■ **WORK TASK**:
Repeat the span of the entries below that starts at the line with "Habitación Doble Estándar" and ends at the line with "Multi-story atrium with", nothing more. Skip the pictures.

### DATA FOR THE TASK ###

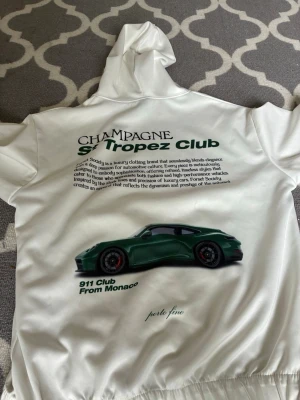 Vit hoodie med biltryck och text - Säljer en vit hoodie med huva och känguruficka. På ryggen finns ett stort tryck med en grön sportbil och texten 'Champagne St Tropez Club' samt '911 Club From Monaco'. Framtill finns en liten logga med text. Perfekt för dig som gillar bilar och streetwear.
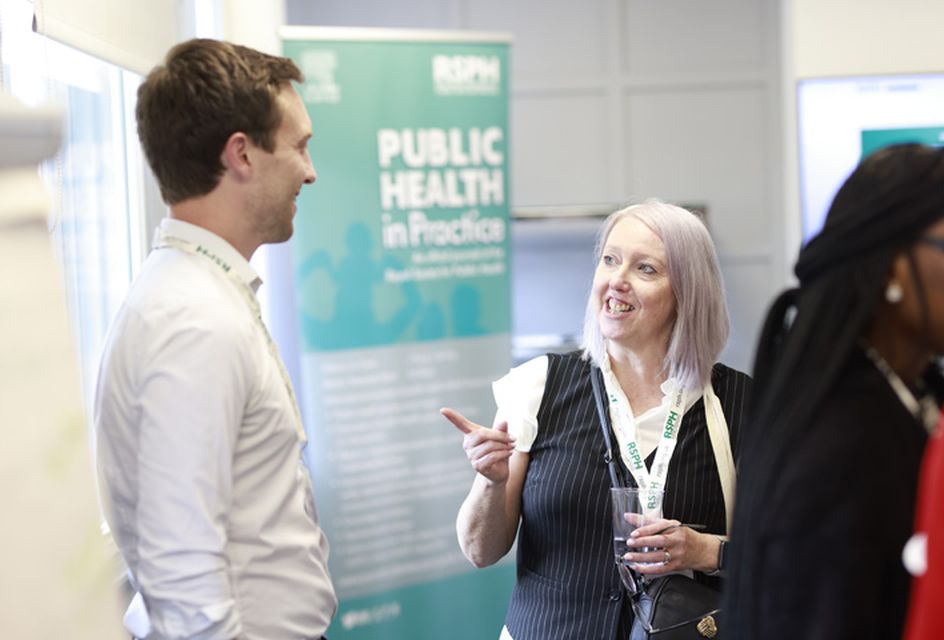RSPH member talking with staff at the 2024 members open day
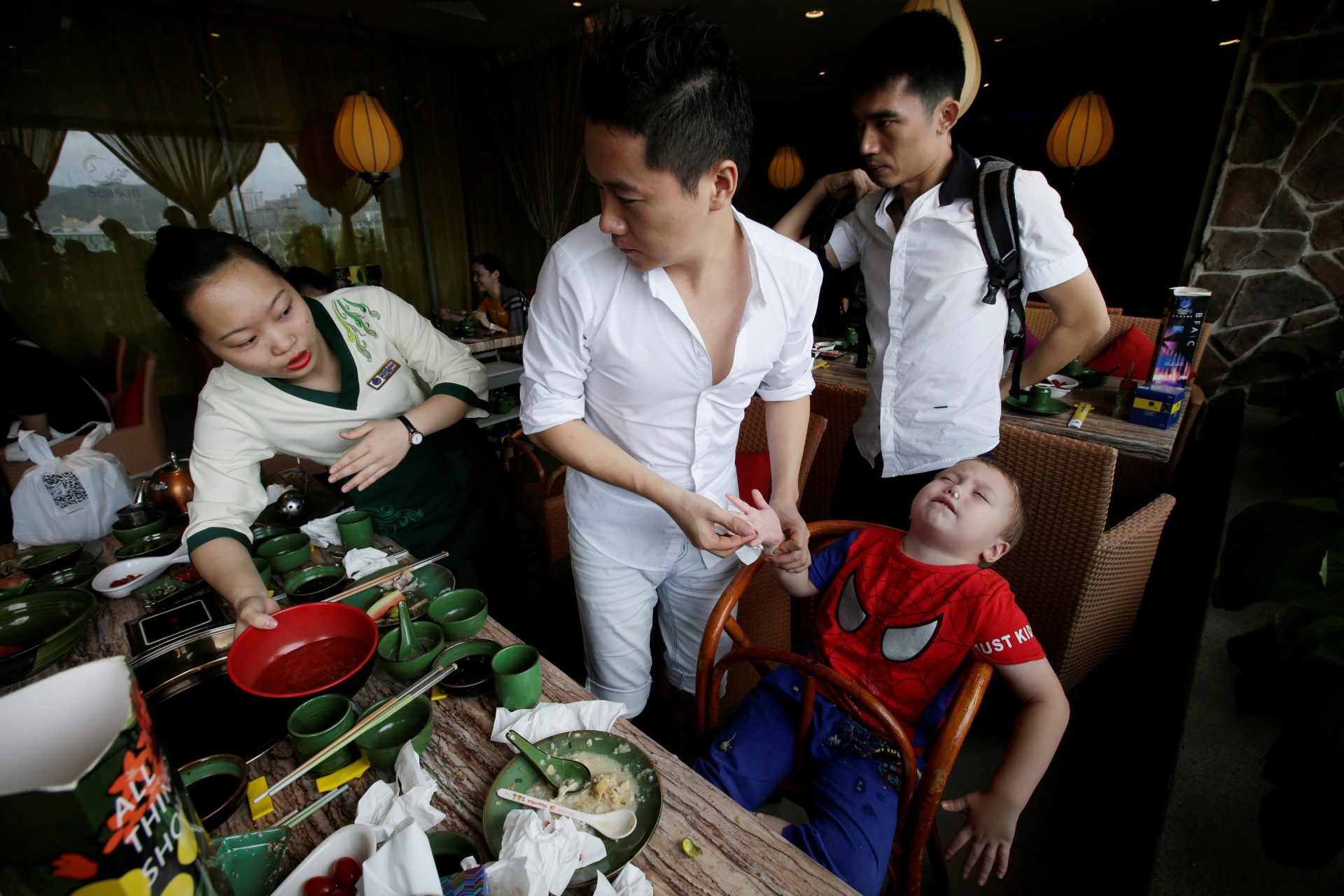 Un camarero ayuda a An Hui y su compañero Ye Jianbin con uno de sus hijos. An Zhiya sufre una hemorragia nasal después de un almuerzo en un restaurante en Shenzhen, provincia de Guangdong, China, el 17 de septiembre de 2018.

###
### DATA FOR THE TASK ###

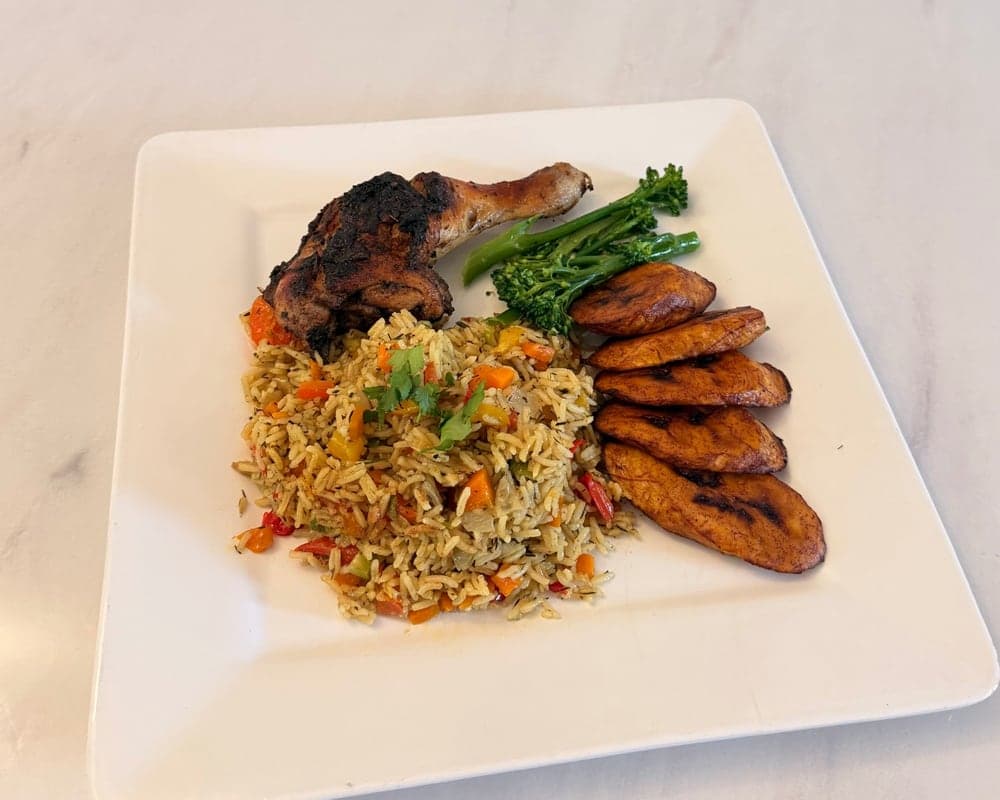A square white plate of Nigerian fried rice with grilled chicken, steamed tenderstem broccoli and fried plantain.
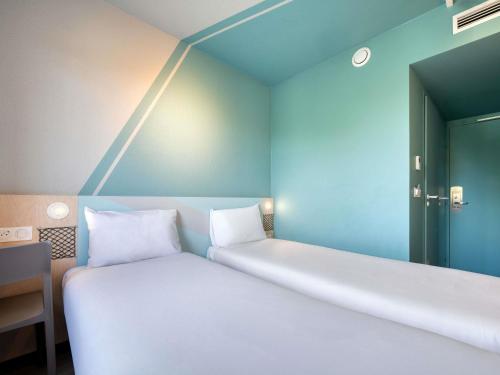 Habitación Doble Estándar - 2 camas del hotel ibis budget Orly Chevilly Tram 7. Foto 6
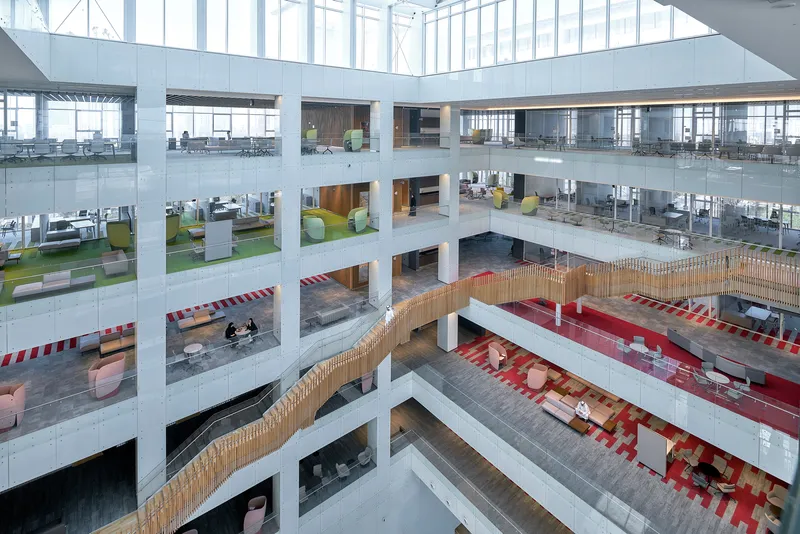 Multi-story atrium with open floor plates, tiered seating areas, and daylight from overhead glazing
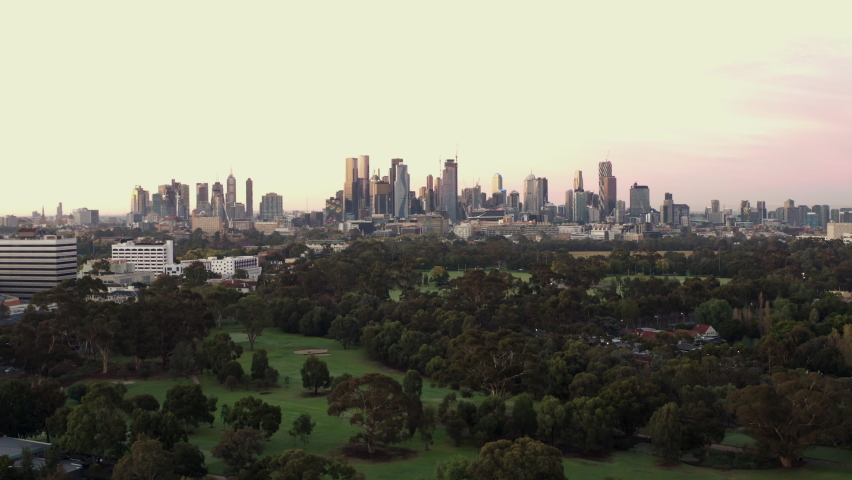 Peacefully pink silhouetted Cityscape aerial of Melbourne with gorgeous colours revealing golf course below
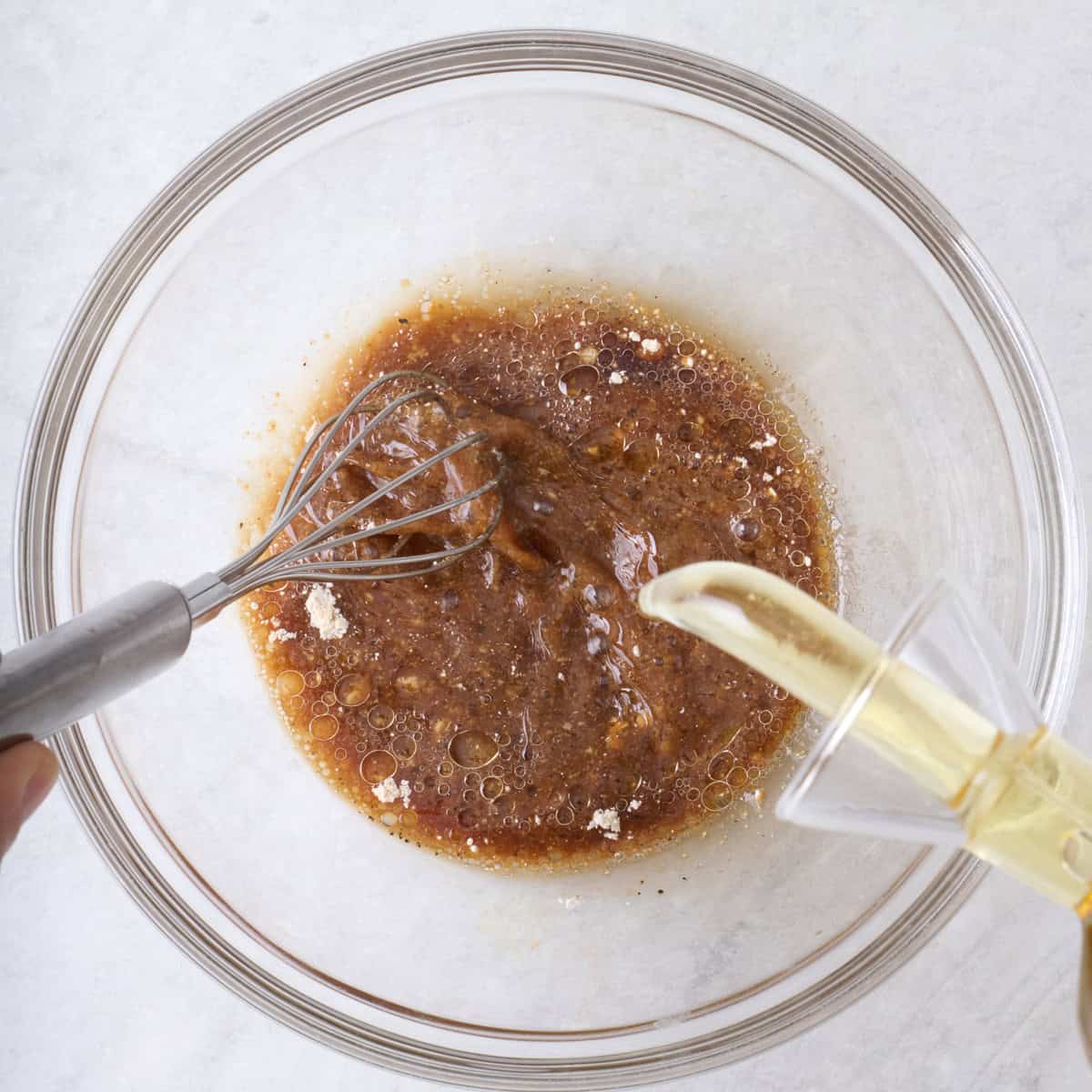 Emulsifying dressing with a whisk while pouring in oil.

###
### DATA FOR THE TASK ###

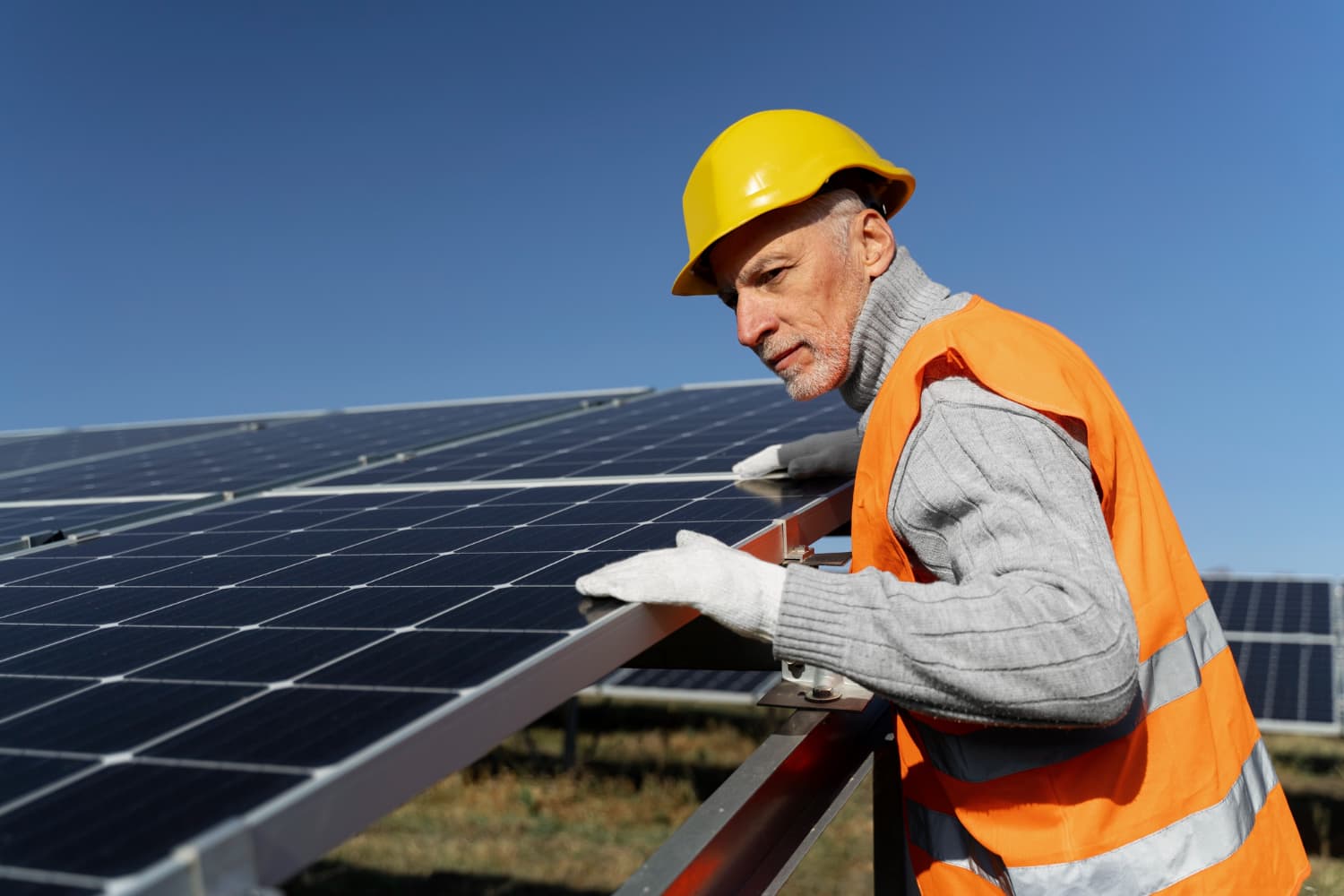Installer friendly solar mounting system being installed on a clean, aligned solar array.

###

■ **PROBLEM SOLUTION**:
 Habitación Doble Estándar - 2 camas del hotel ibis budget Orly Chevilly Tram 7. Foto 6
 Multi-story atrium with open floor plates, tiered seating areas, and daylight from overhead glazing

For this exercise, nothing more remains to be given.